--- Task requirements ---
Return each entry below exactly. Skip the images.

--- Data for analysis ---
--
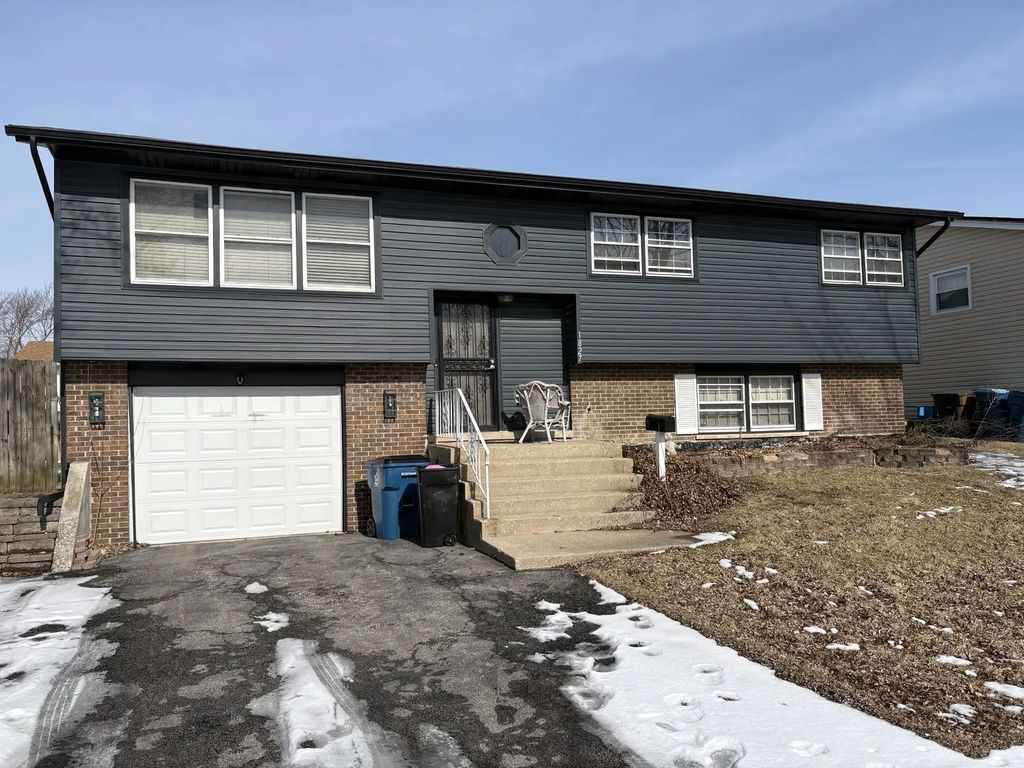 1827 218th Place, Sauk Village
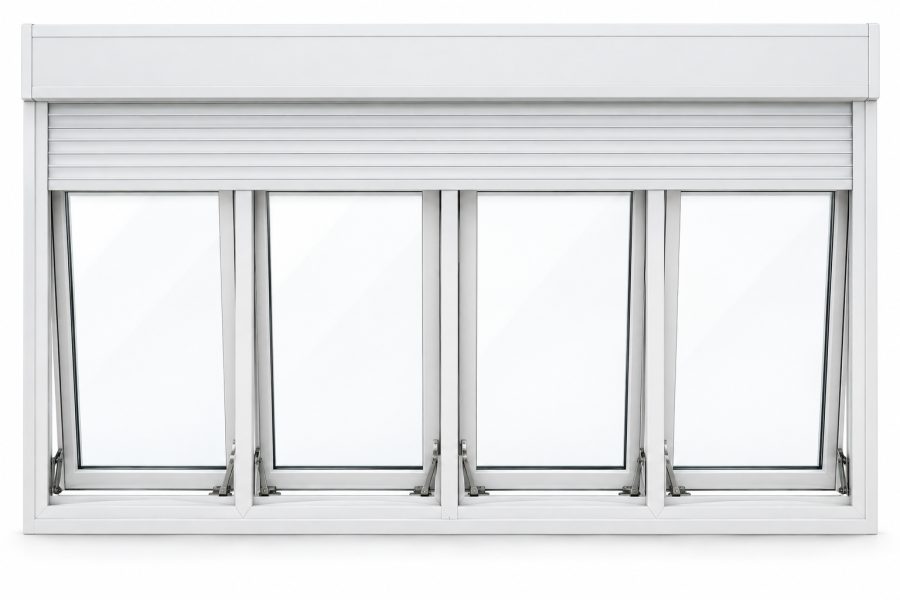 Ventana de PVC abatible de cuatro hojas en blanco con triple acristalamiento 4/14/4/14/4, con persiana motorizada por mando y app y con herraje antipalanca RC1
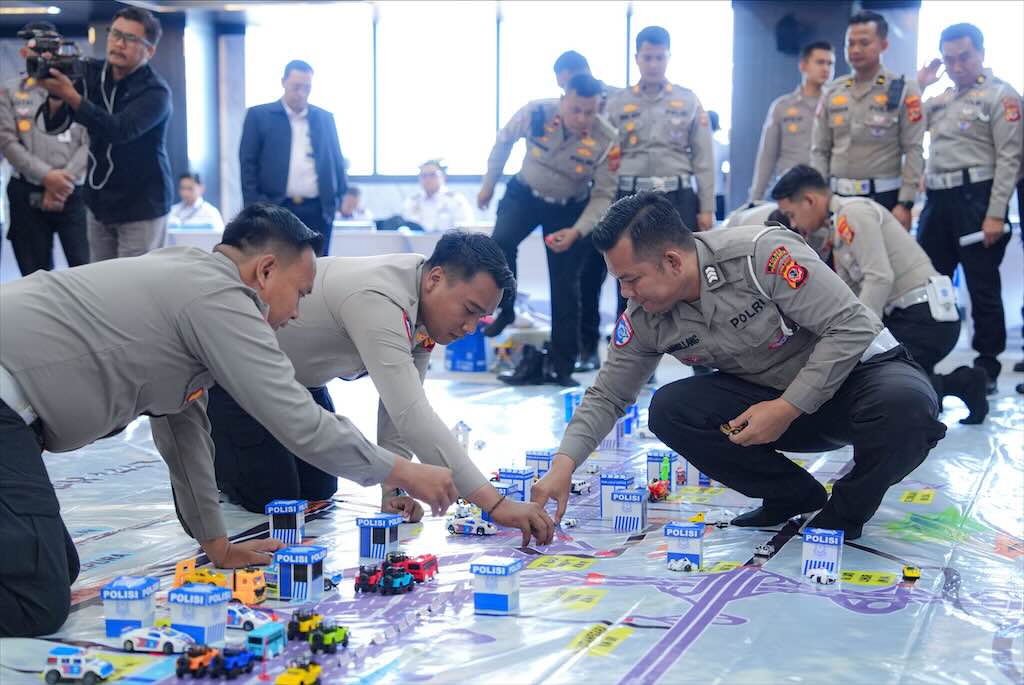 Optimalkan Jalur Mudik dan Wisata, Polda Jabar Gelar Simulasi Tactical Floor Game Operasi Ketupat 2026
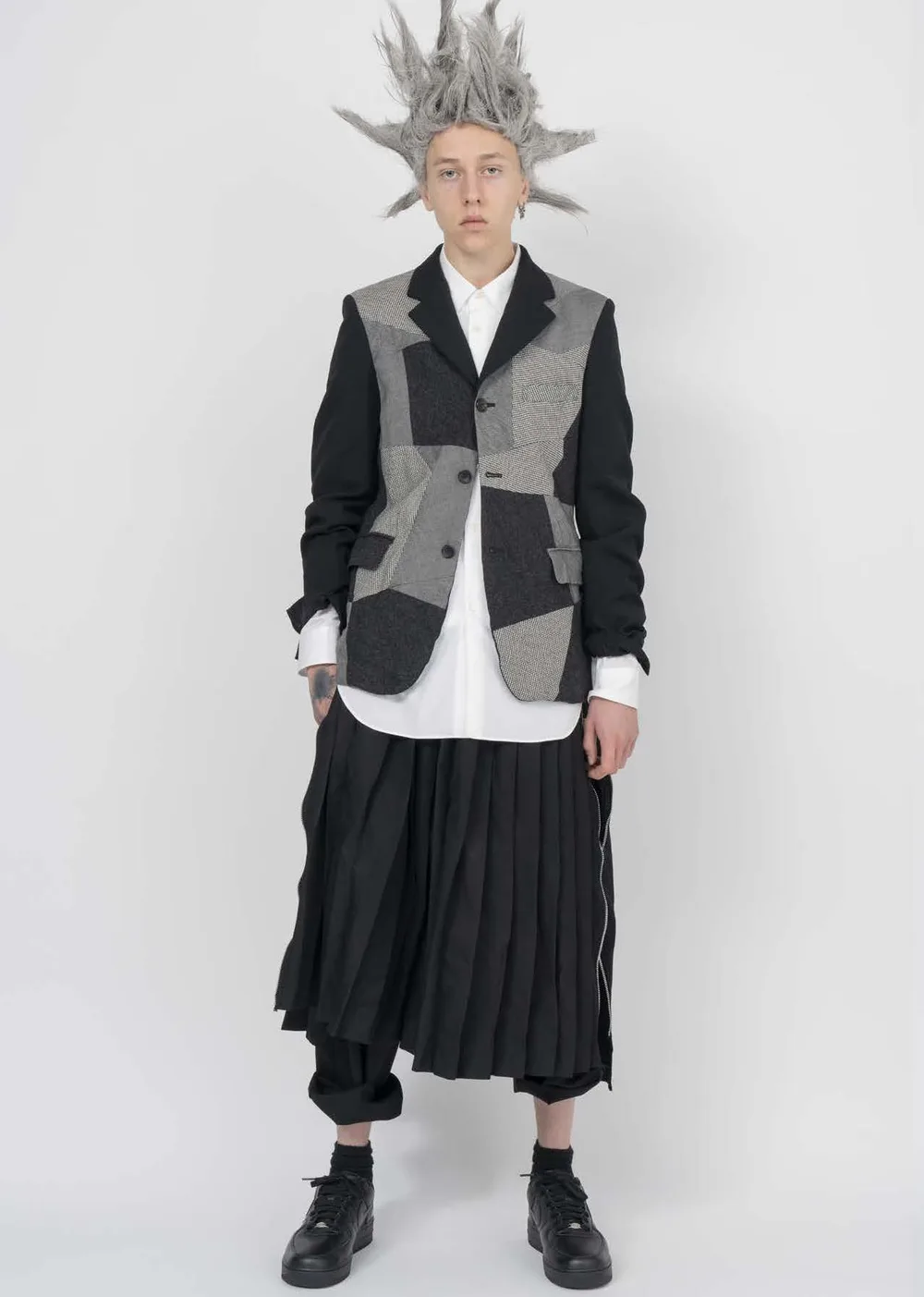 ブラックコムデギャルソン 2025年春夏 LOOK 2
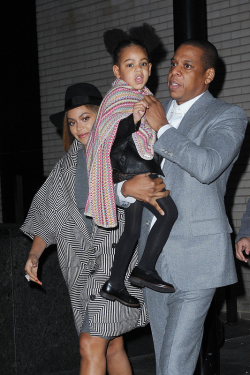 fuckyesbeyonce:  Beyoncé, Blue and Jay Z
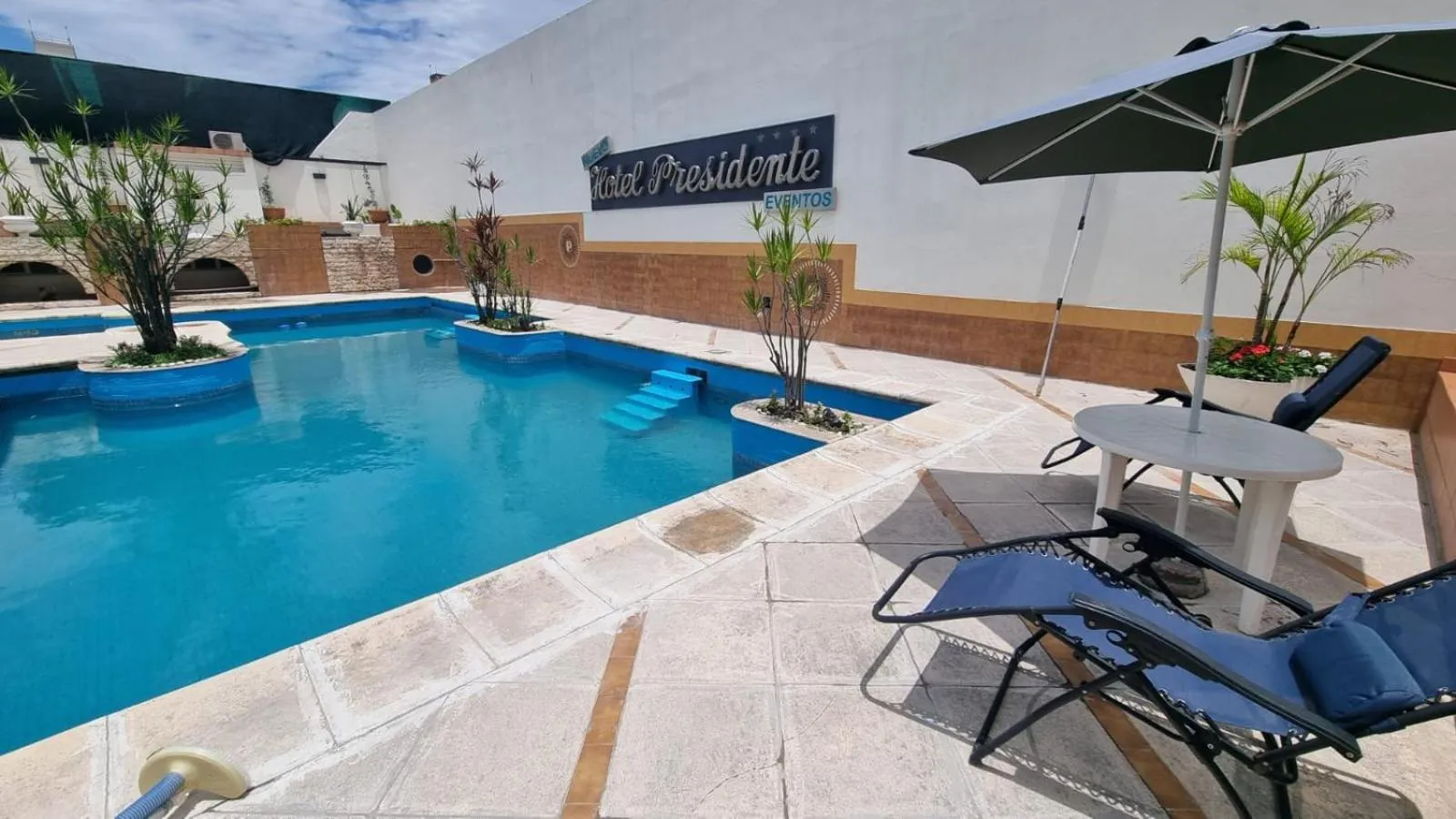 Pool view in Hotel Presidente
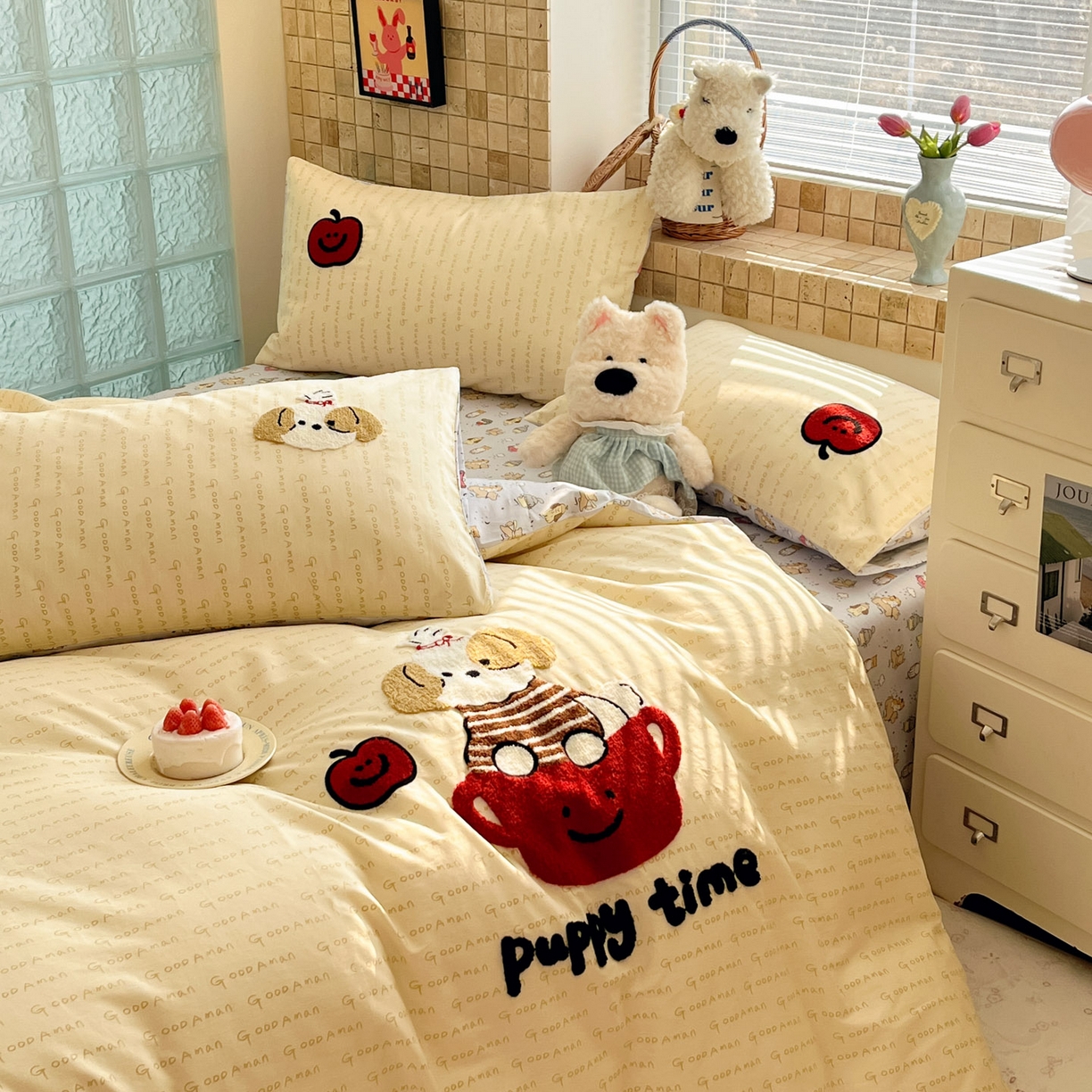 91家纺网 家纺一手货源 找家纺 寐居家纺 2026新款全棉毛巾绣四件套 奶黄茶犬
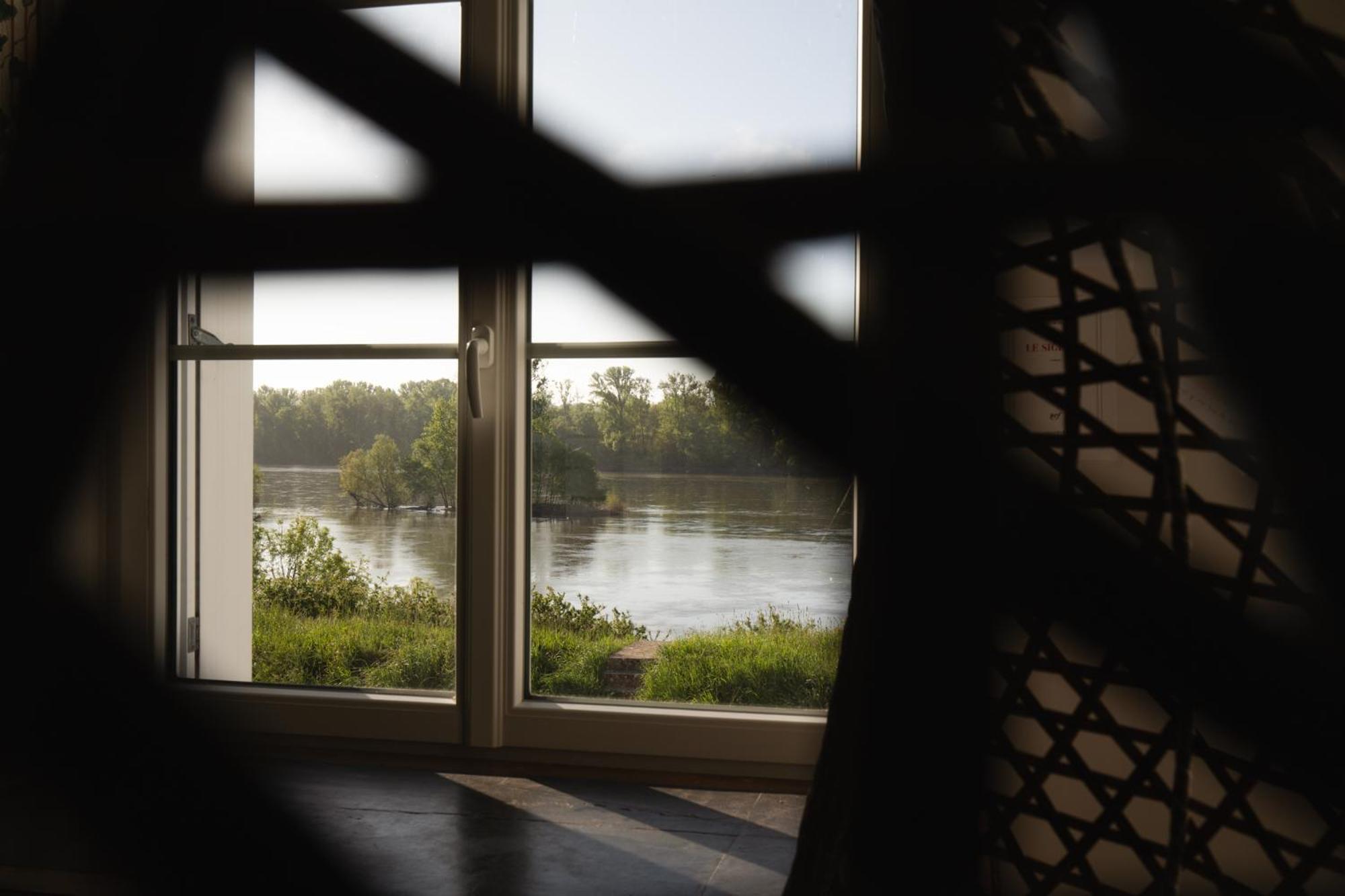 Jacuzzi Et Vue Sur Loire - Maison D'Hotes L'Odyssee La Chapelle-sur-Loire Buitenkant foto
--
--- Expected output ---
 1827 218th Place, Sauk Village
 Ventana de PVC abatible de cuatro hojas en blanco con triple acristalamiento 4/14/4/14/4, con persiana motorizada por mando y app y con herraje antipalanca RC1
 Optimalkan Jalur Mudik dan Wisata, Polda Jabar Gelar Simulasi Tactical Floor Game Operasi Ketupat 2026
 ブラックコムデギャルソン 2025年春夏 LOOK 2
 fuckyesbeyonce:  Beyoncé, Blue and Jay Z
 Pool view in Hotel Presidente
 91家纺网 家纺一手货源 找家纺 寐居家纺 2026新款全棉毛巾绣四件套 奶黄茶犬
 Jacuzzi Et Vue Sur Loire - Maison D'Hotes L'Odyssee La Chapelle-sur-Loire Buitenkant foto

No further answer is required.